After spending several years with selling only a few dozen books of mental illness essays and poetry I really had no expectations with this blog.  I didn’t know what kind of a following I would have or even if I would have a following outside my mother and a few friends.  So I set up shop with a free blog site and started writing blogs about what it is like to have schizophrenia to people who can’t imagine it.  This isn’t the first blog I ever did.  A friend and I did a blog several years ago.  It never gained more than a couple hundred views because we were unfocused and not posting regularly.  I did a blog about my poetry for awhile before I found out I wasn’t much of a poet and there really isn’t a great demand for average poetry.

After examining what I liked to read, what I was good at writing, and what I gained good audiences from, I decided three years ago to focus on writing about my experiences with mental illness.  That’s when I gained more than a few readers.  After years of experimenting with styles and genres, I came to the conclusion I do best writing nonfiction essays from the first person point of view.  I had written rough drafts for two coming of age type novels both from first person view.  They didn’t really hold together and I later found out for fiction novels that first person is tougher than third person point of view.

Once I found my niche and style I had a few visitors coming in with every blog post.  After it became a weekly posting I had a few more visitors.  The thing that helped me gain more visitors was posting often.  A blogger simply can’t build any kind of audience by posting only once or twice a month or only when the creative muse moves them.  Most of my favorite individual youtube content creators post several times a week and have for several years.  I’m not at that kind of proficiency, but perhaps I could be if I keep posting material.  I think it helps to get a body of work of several dozen postings at minimum so that search engines can find your work easier.  As of now I have had close to two hundred postings over the last three years and a little over 9,500 visitors from 90 different nations.  There are bloggers (and youtube stars) who get that even on bad days, but I’ve been working at this for only a few years and haven’t done as much advertising as some people.  Being on a limited budget with a disability pension I have to be choosy about what kind of advertising I do as it still costs money to get truly noticed.

Early on in the first several months I got some audience from following other bloggers and leaving positive comments on their articles.  I left nothing but positive comments.  If I didn’t agree with a particular post I just didn’t comment.  I didn’t want to gain the reputation of a troll or troublemaker.  Having a good reputation on the internet is more valuable than gold.  I got some following from following other bloggers and I tried to direct some of my readers to bloggers who helped me out.  But leaving positive comments on other blogs, following other blogs, and trying to refer traffic to other blogs helped me out in the early months.

Even though I have a few years of blogging experience and some following I don’t consider myself established by any means.  I don’t think there can be anything really established as far as the internet and the current information revolution goes.  I was learning as I went when I wrote my first words twelve years ago and I’m still learning new things even today.
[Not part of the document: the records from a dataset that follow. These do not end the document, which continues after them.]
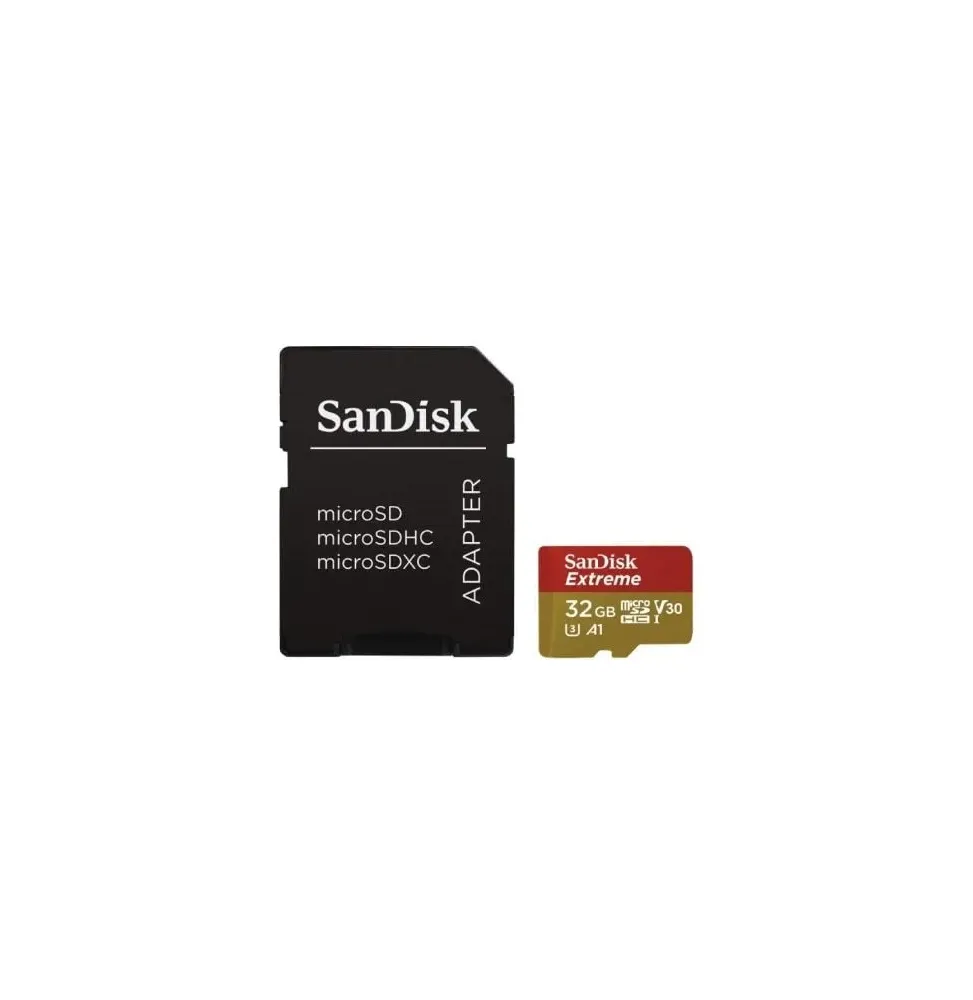 tarjeta de memoria sandisk extreme 32gb microsd hc uhsi con adaptador clase 10 100mbs tarjeta de memoria sandisk extreme 32gb microsd hc uhsi con adaptador clase 10 100mbs
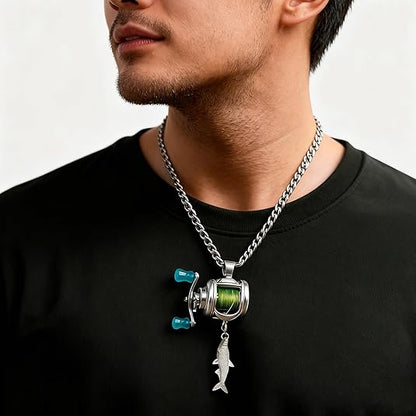 Fishing Reel Necklace Rotating Handle Swirling Reel Pendant Keychain
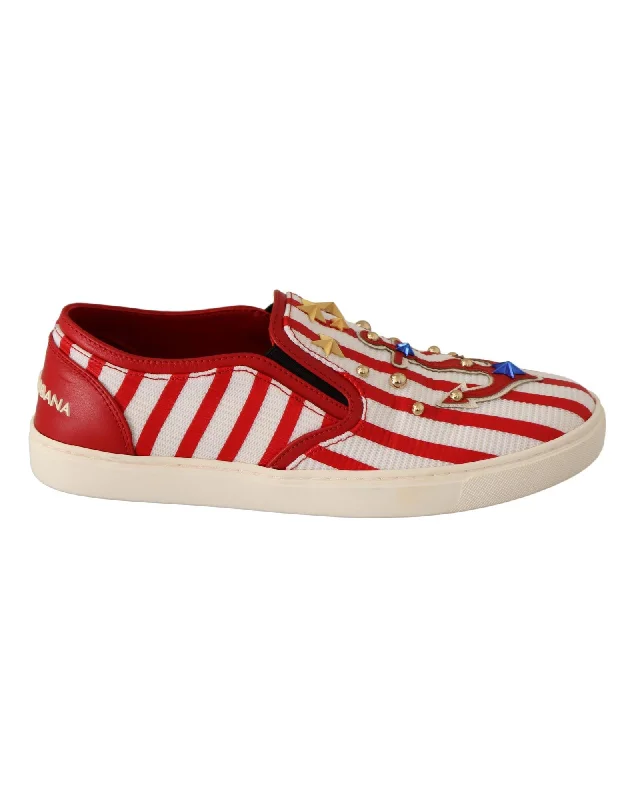 Contemporary Casual Footwear Dolce & Gabbana  Sicily Slip-On Sneakers RedWhite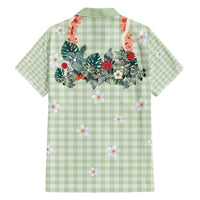 Sage Green Hawaiian Palaka Family Matching Short Sleeve Bodycon Dress and Hawaiian Shirt Kukui Nut Money Lei LT9 - Polynesian Pride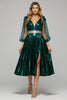 Laden Sie das Bild in den Galerie-Viewer, Glitzernd Dunkelgrün Metallic V-Ausschnitt Ballkleid mit Schlitz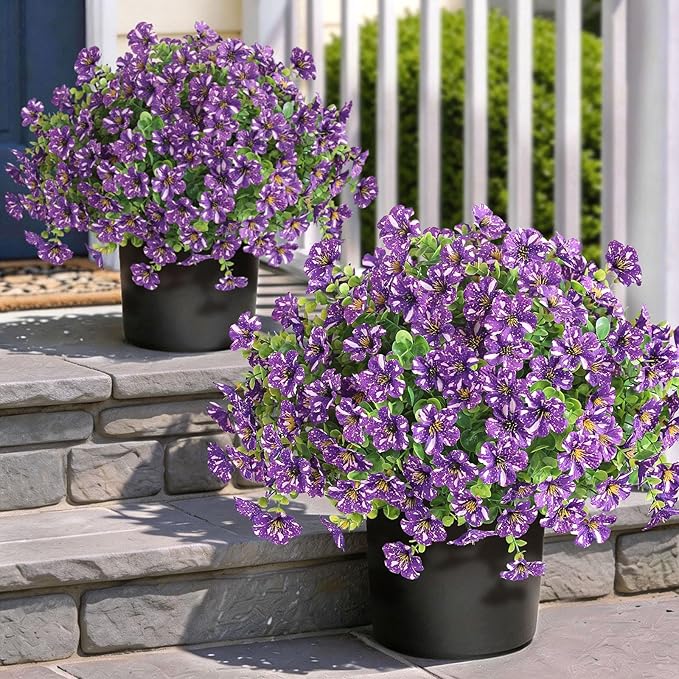 Artificial Morning Glory & Eucalyptus Topiary Trees - Set of 2 Faux Silk Flower Potted Plants, UV-Resistant Fake Outdoor Morning Glory Bushes for Front Door, Yard, Farmhouse, Garden Decor (Purple)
I was a bit frustrated in the early years when I would get rejection notices in the mail several times a week.  I was also frustrated in the early postings when I wasn’t getting more than a few visitors per post.  But looking back on it, I see how rough and raw most of those writings were.  I’m glad they didn’t get published.  And I’m sure in several more years I’ll look at some of the things I’m writing now as rough and unpolished.  It’s a continuous process that never ends.  I hope to always keep improving as a writer so I can better explain to people what living with a mental illness is really like.